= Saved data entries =
--------------------
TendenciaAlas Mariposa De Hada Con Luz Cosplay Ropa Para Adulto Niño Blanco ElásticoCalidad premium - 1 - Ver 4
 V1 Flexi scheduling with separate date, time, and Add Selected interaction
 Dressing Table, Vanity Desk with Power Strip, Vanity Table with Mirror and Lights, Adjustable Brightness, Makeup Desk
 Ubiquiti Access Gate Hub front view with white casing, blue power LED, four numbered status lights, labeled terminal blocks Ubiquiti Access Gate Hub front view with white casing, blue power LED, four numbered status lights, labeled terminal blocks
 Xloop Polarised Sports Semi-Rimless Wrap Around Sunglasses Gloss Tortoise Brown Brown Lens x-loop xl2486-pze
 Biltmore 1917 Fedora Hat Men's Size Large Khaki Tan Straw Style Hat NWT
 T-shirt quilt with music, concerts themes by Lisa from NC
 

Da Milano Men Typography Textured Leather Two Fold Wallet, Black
--------------------
= Work to be completed =
Show every line above in which the word "with" appears.

= Response for this exercise =
 V1 Flexi scheduling with separate date, time, and Add Selected interaction
 Dressing Table, Vanity Desk with Power Strip, Vanity Table with Mirror and Lights, Adjustable Brightness, Makeup Desk
 Ubiquiti Access Gate Hub front view with white casing, blue power LED, four numbered status lights, labeled terminal blocks Ubiquiti Access Gate Hub front view with white casing, blue power LED, four numbered status lights, labeled terminal blocks
 T-shirt quilt with music, concerts themes by Lisa from NC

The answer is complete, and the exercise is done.